Church in the Province of the West Indies
|Church Family :|
|Based in :||Bahamas|
|Present in :||Antigua and Barbuda, Belize, Dominica, Guyana, Jamaica, Saint Kitts & Nevis, Saint Vincent & The Grenadines, Suriname, Trinidad and Tobago, Barbados|
|Member Of :|
|Associate Member Of :|
|WCC Member Since :||1948|
The Anglican Church came to the West Indies with the original British settlers during the 17th century. The clergy came as chaplains to governors, tutors to the families of wealthy planters or merchants and rectors of parishes. They were not under any ecclesiastical authority. The bishop of London ordained and licensed them but had no power to appoint or remove them. A significant change came in 1824 with the creation of the diocese of Jamaica (which included the Bahamas and the settlement in the Bay of Honduras) and the diocese of Barbados (which included the Leeward Islands, the Windward Islands, Tobago, Trinidad and Guyana). Later in the 19th century, six other dioceses were created to constitute the present eight. The Province of the West Indies was formally established in 1883. Venezuela, formerly part of the diocese of Trinidad, became a separate diocese in 1975 and separated from the province in 1980.

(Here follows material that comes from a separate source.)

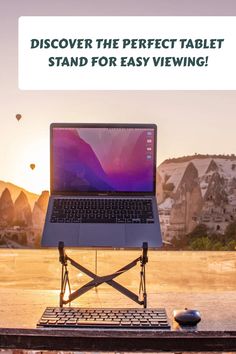 an open laptop computer sitting on top of a wooden table with the words, discovery the perfect tablet stand for easy viewing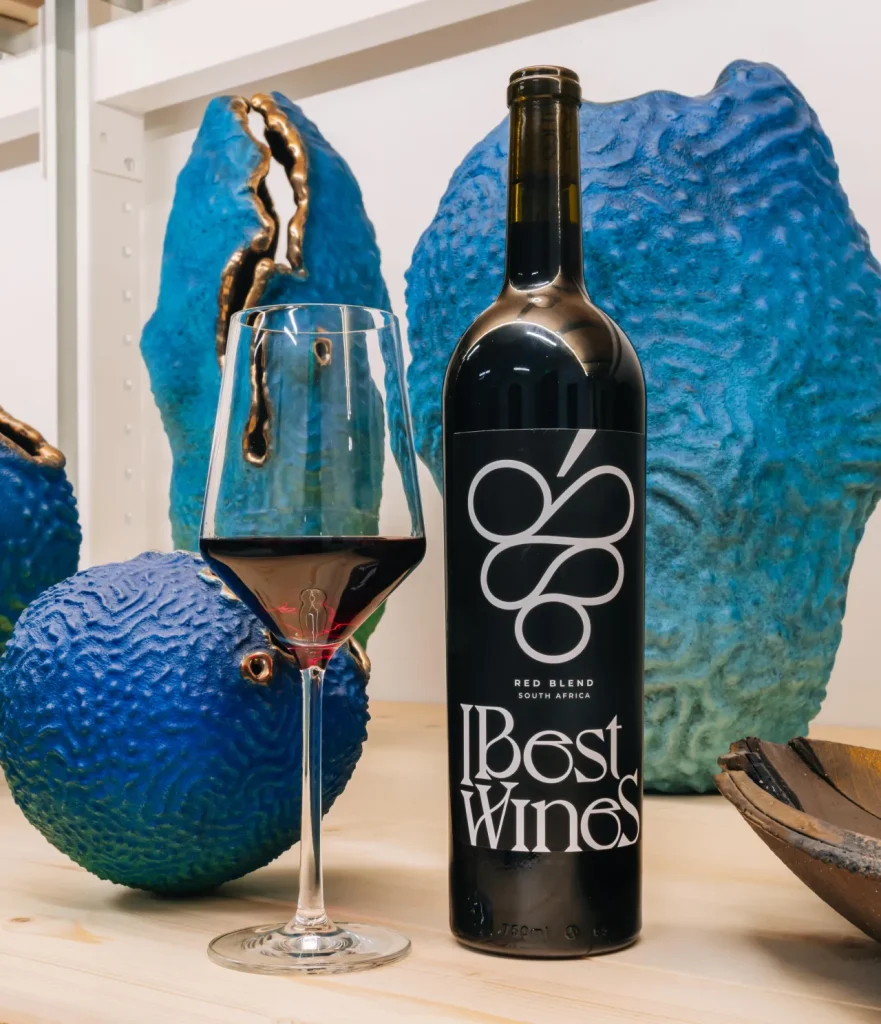 A bottle of IBest Wines Red Blend from South Africa and a glass of red wine, displayed on a wooden surface with vibrant blue contemporary African sculptures in the background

Initially the provincial synod consisted entirely of bishops. This was changed in 1959, when the synod became fully representative with the addition of clergy and laity. Meetings of synod are held every three years. The doctrinal stance of the province is set out in the following principles: The faith of the Lord Jesus Christ as taught in the holy scriptures, held in the primitive church, summed up in the creeds, and affirmed by the undisputed ecumenical councils; the faith, doctrine, sacraments and discipline of the One Holy Catholic and Apostolic Church, such as the Church of England has received the same; the Book of Common Prayer and the ordering of bishops, priests and deacons, as agreeable to the Word of God. The province disclaims for itself the right of altering any of the aforesaid standards of faith and doctrine.
The Anglican Church in this province is concerned to be the leaven for a diverse community, seeking to counter the problems of disunity, economic dependence, and foreign domination. As the societies seek to unite, the church tries to keep alive issues of justice, peace and the integrity of life.